What I wrote about Fiona’s novel Cloudwish in the Weekend Australian in 2016:
Melbourne-based scriptwriter Fiona Wood crafts achingly real characters: vulnerable, reserved, loud. Her three novels for young adults, Six Impossible Things, Wildlife and Cloudwish (Pan Macmillan, 288pp, $19.99) emulate reality through the unfolding personalities and rhythms of the characters’ lives.
Sibylla and Lou, major characters in Wood’s earlier work, reappear in Cloudwish as concerned potential friends of Vietnamese-Australian scholarship girl Van Uoc Phan. Van Uoc tries to keep a low profile but she daydreams about “hot dickhead” Billy Gardiner who only goes out with “foreground, high-resolution girls”. When she makes a wish on an elusive glass vial that Billy would find her “fascinating”, her fantasy seems to come true.
The style is contemporary realism, but it is realism with a slice of surrealism and imperceptible magic. When Van Uoc’s clothes aren’t warm enough she finds a cardigan with rainbow-coloured wing-petals, as if from a fairytale, in Melbourne’s Royal Botanic Gardens. Narrative tension stems from Van Uoc’s doubts about the cause of Billy’s interest. “She felt the tangle of sex and longing and fairytales with handsome boys and happy endings. She was peering into the well, ready to tumble in, and what then? These stories with enchantments and wishes weren’t her stories. She was smarter than that. She was nobody’s Cinderella.”

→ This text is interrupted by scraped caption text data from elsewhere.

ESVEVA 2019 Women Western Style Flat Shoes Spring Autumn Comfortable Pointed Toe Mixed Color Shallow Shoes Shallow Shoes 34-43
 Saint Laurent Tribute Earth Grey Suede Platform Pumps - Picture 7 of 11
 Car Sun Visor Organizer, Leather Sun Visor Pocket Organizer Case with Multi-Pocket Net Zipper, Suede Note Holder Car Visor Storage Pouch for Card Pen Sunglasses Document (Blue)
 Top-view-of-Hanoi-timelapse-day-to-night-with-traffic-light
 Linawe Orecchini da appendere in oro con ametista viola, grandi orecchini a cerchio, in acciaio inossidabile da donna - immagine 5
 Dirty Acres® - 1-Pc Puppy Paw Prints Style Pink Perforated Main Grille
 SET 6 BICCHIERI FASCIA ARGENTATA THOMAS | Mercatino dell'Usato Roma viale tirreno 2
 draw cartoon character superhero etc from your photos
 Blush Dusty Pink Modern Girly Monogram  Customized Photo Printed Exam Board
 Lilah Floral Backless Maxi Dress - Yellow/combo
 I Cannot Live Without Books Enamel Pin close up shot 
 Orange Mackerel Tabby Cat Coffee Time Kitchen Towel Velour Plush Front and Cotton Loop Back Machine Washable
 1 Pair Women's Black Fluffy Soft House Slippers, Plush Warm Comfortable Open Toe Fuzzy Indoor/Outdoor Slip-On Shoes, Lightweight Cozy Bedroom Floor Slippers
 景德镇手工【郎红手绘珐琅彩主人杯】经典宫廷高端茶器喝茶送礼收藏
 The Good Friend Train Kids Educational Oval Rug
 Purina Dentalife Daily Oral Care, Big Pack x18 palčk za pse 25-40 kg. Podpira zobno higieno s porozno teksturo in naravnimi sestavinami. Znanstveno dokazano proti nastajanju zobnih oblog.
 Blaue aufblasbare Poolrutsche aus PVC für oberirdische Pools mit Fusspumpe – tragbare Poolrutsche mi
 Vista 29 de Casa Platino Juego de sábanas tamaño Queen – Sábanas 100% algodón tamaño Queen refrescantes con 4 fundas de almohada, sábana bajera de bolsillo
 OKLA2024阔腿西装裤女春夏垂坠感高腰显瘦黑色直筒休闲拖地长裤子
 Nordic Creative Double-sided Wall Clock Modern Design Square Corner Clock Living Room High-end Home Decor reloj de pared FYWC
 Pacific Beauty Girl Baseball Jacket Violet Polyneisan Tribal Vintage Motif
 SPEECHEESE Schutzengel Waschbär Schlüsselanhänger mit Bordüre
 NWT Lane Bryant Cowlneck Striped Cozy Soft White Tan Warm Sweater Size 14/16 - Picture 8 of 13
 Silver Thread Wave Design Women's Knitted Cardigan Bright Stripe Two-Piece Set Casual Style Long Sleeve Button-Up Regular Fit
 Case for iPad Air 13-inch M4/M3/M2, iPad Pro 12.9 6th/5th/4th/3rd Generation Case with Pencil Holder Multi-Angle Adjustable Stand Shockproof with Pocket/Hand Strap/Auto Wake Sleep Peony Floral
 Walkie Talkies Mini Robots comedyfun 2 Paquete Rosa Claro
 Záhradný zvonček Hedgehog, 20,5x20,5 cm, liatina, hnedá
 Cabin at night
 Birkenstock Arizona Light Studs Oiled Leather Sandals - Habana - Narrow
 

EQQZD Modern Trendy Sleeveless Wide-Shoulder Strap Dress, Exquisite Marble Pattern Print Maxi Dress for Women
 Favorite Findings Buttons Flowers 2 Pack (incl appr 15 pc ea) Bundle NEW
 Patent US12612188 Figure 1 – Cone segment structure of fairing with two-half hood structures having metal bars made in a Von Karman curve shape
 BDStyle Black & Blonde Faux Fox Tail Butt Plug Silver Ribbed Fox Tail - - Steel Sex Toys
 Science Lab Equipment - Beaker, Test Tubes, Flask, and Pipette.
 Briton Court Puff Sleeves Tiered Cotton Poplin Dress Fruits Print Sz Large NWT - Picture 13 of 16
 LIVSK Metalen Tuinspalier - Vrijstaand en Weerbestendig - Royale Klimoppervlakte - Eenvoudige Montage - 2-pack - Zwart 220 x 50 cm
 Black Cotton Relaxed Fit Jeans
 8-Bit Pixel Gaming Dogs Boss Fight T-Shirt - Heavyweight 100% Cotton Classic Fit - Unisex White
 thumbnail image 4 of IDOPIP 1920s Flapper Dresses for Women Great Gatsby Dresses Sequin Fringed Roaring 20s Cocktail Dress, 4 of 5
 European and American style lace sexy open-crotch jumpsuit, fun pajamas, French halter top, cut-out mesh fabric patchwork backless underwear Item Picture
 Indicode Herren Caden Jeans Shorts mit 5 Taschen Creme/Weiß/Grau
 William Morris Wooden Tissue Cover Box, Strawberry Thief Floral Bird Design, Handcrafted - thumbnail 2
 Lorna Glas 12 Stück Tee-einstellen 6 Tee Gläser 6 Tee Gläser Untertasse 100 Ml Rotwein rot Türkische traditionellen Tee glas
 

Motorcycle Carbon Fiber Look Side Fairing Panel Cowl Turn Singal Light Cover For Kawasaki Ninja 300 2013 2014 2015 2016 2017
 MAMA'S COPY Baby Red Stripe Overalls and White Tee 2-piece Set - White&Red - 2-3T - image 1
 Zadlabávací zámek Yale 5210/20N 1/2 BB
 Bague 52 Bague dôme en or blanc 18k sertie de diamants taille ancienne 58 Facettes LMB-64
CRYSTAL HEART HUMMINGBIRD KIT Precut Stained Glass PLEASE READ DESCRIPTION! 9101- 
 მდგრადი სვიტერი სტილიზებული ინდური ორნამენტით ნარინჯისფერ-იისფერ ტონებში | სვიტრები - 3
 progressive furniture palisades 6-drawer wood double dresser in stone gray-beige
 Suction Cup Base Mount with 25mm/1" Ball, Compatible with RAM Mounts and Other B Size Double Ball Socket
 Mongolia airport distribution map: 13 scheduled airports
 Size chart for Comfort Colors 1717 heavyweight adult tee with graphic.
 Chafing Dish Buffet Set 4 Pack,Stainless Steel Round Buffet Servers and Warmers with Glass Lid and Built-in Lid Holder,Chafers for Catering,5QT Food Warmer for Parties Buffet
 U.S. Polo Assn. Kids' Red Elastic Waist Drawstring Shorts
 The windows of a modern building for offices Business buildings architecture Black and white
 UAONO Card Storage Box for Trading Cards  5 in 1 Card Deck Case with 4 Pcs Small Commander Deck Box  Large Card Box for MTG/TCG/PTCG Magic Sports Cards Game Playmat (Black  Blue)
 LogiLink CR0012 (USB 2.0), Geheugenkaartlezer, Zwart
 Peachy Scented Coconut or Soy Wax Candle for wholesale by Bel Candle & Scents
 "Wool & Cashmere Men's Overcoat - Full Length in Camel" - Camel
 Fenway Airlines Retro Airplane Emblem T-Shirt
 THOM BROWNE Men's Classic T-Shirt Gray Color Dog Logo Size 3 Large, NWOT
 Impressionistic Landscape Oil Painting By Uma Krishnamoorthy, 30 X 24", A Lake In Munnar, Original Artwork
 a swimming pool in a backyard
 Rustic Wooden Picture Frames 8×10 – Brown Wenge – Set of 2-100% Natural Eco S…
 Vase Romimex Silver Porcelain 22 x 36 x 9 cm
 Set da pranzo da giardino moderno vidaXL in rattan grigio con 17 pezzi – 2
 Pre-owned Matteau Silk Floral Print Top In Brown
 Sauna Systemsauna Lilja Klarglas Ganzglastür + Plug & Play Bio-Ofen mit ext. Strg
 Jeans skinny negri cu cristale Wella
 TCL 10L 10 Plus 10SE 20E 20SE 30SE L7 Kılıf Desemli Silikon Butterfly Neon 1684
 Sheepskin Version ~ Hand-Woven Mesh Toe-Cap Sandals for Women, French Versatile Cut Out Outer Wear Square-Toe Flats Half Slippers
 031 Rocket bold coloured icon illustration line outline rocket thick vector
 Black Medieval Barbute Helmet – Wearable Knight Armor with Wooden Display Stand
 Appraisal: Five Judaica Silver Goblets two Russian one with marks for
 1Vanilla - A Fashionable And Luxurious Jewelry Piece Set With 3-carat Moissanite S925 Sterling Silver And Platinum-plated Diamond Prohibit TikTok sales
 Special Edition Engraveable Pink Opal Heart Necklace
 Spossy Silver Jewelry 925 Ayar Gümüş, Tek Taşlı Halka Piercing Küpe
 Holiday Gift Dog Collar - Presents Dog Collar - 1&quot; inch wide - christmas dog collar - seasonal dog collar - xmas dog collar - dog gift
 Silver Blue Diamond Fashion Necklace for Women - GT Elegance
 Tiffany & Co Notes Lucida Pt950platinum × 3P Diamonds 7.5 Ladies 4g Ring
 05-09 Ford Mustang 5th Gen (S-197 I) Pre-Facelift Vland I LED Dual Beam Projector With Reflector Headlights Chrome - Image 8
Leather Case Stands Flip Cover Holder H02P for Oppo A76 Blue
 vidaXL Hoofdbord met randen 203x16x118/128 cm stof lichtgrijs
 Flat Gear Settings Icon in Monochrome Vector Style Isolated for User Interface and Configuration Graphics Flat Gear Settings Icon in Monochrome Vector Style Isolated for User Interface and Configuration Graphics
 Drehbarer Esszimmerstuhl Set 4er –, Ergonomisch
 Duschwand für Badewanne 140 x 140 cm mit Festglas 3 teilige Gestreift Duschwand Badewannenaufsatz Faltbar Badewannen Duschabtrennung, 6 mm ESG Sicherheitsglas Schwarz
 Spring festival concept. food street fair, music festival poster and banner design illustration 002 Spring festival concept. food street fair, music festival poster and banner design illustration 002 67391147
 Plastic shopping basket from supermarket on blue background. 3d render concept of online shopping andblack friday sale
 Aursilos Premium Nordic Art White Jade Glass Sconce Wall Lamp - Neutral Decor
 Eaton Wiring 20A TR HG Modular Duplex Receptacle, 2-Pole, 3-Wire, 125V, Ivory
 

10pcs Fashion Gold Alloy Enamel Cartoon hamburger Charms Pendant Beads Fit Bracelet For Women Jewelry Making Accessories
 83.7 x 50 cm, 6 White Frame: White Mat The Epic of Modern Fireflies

“Cloudwish” is also the ethereal meaning of Van Uoc’s name. Although a successful student and photographer, she prefers to be invisible at school and “the shape of not fitting in was almost comfortably familiar”. However her inner resolve and love of Charlotte Bronte’s Jane Eyre give her enough confidence to challenge injustice and constantly ask herself, “What would Jane do?”
Van Uoc feels set apart from the non-Asian scholarship kids and vents her anger against disempowerment of women and racist views on boatpeople, asylum-seekers and minority groups in free writing she then usually deletes.

My review of Take Three Girls in the Weekend Australian, January 2018.
Take Three Girls (Pan Macmillan, 439pp, $18.99) is written by three of Australia’s best YA authors: Cath Crowley, Simmone Howell and Fiona Wood. They have each integrated a character into this story, which is for mature readers.
Their characters are brought together by the teacher of the new wellness program set up for Year 10 students at a prestigious private school to help them deal with misogynistic online bullying. Clem, Kate and Ady are randomly put into the same group because they have the longest thumbs.
An elite swimmer, Clem naturally has large hands but she is avoiding training and feels “the future is just like a white blur of skywriting that time has made unreadable”. She’s losing her identity and putting on weight. She is yearning for a physical encounter with older Stu but also feels unsure.
Kate is a talented cellist, passionate but not competitive, who experiments with recording sounds and looping and layering tracks. She’s been “slotted into the box of quiet, studious, geek” who’s good with computers. She works hard to win a scholarship for the sake of her parents’ farm but is pulled between schoolwork and music.
Unlike the other girls, tall, popular Ady isn’t a boarder. She lives at home but her father’s addictions are rattling the family. Ady’s affinity with fabrics, clothes and beauty is rendered in sensory language. She’s unsure why she’s not interested in handsome Rupert and surprises herself by becoming protective of her new friends.
One of the skills of this collaboration is that each character offers insight into the others. Ady, for example, recognises Clem’s confidence to “explore who she might be” and sees Kate as a “quiet musician [who] breaks the rules to walk on the wild side”. The three writers develop and enrich each other’s creations. Take Three Girls deserves a second read to fully appreciate the fine writing and the seeded threads which lead to the denouement.